We then get to the awkward middle of the story, where the pacing really tanks. We get a second showing of the machinery that this time causes a couple of guests from the audience to seemingly get turned into ghosts for a bit, then later Liz and the Brig reunite with The Doctor and they take a peak in a shed guarded by The Steward and see technology not only “not of this Earth” but not of this dimension. These two incidents are completely surrounded by fluff though, including one of the worst cliffhangers I’ve seen (or heard, I guess) in a long time where Linus shows her mum the true potential of his father’s work by hooking her up to it and causing Peter MacLeod himself to appear! Gasp! … then the pick up at the start of the next episode has Linus say “this isn’t Peter by the way, it’s a projection from your mind” and then the conversation just continues on. The story does actually build to a climax, though by this time I had mentally checked out…

So in case you couldn’t tell, it had some good ideas at its core but the story was three, even four episodes too long and writer Richard James obviously didn’t know how to stretch it out to make it still entertaining like most of Season 7 or some of the good six parters from later is the Pertwee/Tom Baker run (though to be fair to it, it’s not as bad as some of the bad six parters from that same period either!)

The Continuity:

Not much, the story is specifically set in between “Spearhead From Space” and, um, “and the Silurians”, making this a very early story in the Third Doctor’s life. A scientist trying to cure a mental condition but actually tapping into a deadly other-dimensional force that’s killing those that use the tech which is then found out when The Doctor, his companion and The Brig visit a public demonstration in a re-used old building is the exact plot of “The Mind of Evil”, accept that one is better paced, the castle is a prison instead, and it’s only six episodes long. Still a bit too close to just be called “coincidentally similar”.

Overall Thoughts:

“and the Brain Drain” has one or two good ideas and is set during one of my all-time favourite periods of the show but sadly it doesn’t have enough meat on its bones to last four parts let alone seven. It leads to far too much downtime to the point where I kept losing concentration. Can’t quite bring myself to give it a two, it’s not THAT bad (or maybe it is just my love for the era and the recast cast supporting it) but I won’t be listening to it again, that’s for sure.

While explaining that he and Liz survived the special dimensional displacement gun due to pieces of tech they had on them The Doctor then gets told that Professor Heber’s body was resisting all forms of examination and then vanished, which leads to him reappearing and revealing that he is actually from the same neighbouring dimension as the “Peter” in Linus’s head, and that the evil force is known as Nelophex and that he’s here to capture it and bring it back to his dimension. Around this point Abigail is killed off but as The Brig goes to tell Linus alongside The Doctor and Liz Linus puts the machine into full go and brings the Nelophex into full existence, causing everyone to start becoming ghost-like beings as they get sucked into the other dimension.
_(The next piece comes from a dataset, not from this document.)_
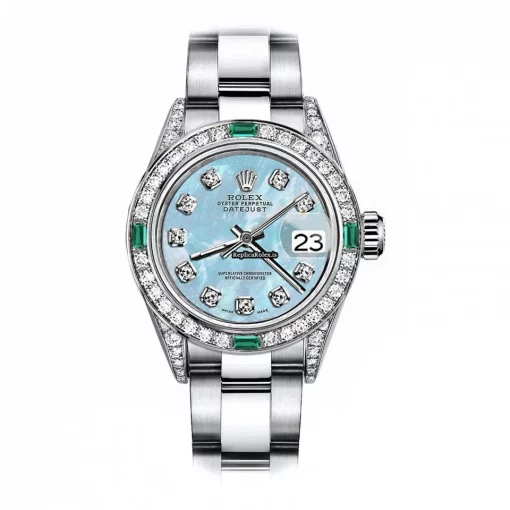 Top Fake Rolex Oyster Perpetual Lady Date 69160 Automatic Movement 26mm Steel Case Womens Watch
As a lot of these things go Linus finally understands that he’d been manipulated this whole time and so he sacrifices himself to destroy the machine and save everyone from the mess he admittedly put them all in. The Doctor and Heber then manage to capture Nelophex, with the latter taking it back “home” with him to cap things off. We then get a bit of a nod and wink moment where the Brigadier asks The Doctor why UNIT has just taken order of an bright yellow roadster, so there’s the origin of Bessie I never really thought about… mostly because I assumed The Doctor ordered it without permission and that was all there was to it, which is exactly what happened!